In Tehran, the leather heads have gone into action but the deaths in the terrorist attacks on Parliament and the Khomeini mausoleum are already counting. The Islamic State claims the attacks even if the acronyms of the terrorist groups involved seem different. Details aside, disconnecting the fact from what is happening in the Persian Gulf is impossible.

Let's see with order.

Saudi Arabia plays the assembly against Qatar. The country, accused of financing Islamic extremism, is put on the ropes and seven "brothers" countries break diplomatic relations with Doha, pushed by theendorsement of Washington.

What happened?

Saudi Arabia points its finger at Qatar regarding support for Islamist terrorism. Basically the ox that gives the horned donkey.

Just to review, Saudi Arabia was the financial cradle of Al Qaeda, when in the 1989, the then Islamist brat moved the first steps in Afghanistan.

To stay in the area, in the 1997 Riad was the first to recognize, together with Pakistan and the United Arab Emirates, the fundamentalist regime of the Taliban in Kabul. Grown up with the caresses ofISI (Pakistani services), the Koranic students were not perceived as a danger from the West to the Twin Towers in the 2001. They were even tolerated to the point of being considered a moment of cohesion for Afghanistan, no longer orbiting the dissolved Soviet Union.

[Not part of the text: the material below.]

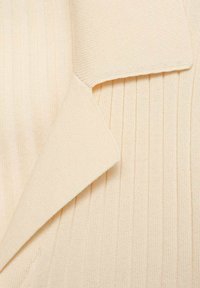 Primo piano di un tessuto rigato crema con un dettaglio del colletto piegato, che mette in risalto una consistenza liscia e linee verticali su tutto il materiale.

That the doctrine in force in Kabul was close to waahbismo Saudi, it did not matter to anyone. Even less than the Ri'asat Al-Istikhbarat Al-'Amah (the Saudi secret services) already mentioned the Sharia in its own statute ...

The passion of Riad for Sunni fundamentalism returns in recent times. Funding for Syrian Islamist rebels is well known: Jaysh to Islam, Al Nusra the former Al Qaeda Syrian then become Hayat Tahrir al-Sham, the Islamic State itself are just a few of the acronyms that have benefited from the economic, military and political support of Saudi Arabia, often in tune with Qatar in this kind of prowess.

What is behind the Gulf crisis then?

First of all, we need clarity, trying to understand who broke with Qatar and to clarify some news that is not always bounced with adequate precision.

There are seven states that have frozen diplomatic relations with Qatar: Saudi Arabia, the United Arab Emirates, Bahrain, Egypt, the Maldives, Mauritania and Yemen. Except the Maldives (a country at risk Islamist and under financial slap in Riyadh), they are all Arab countries.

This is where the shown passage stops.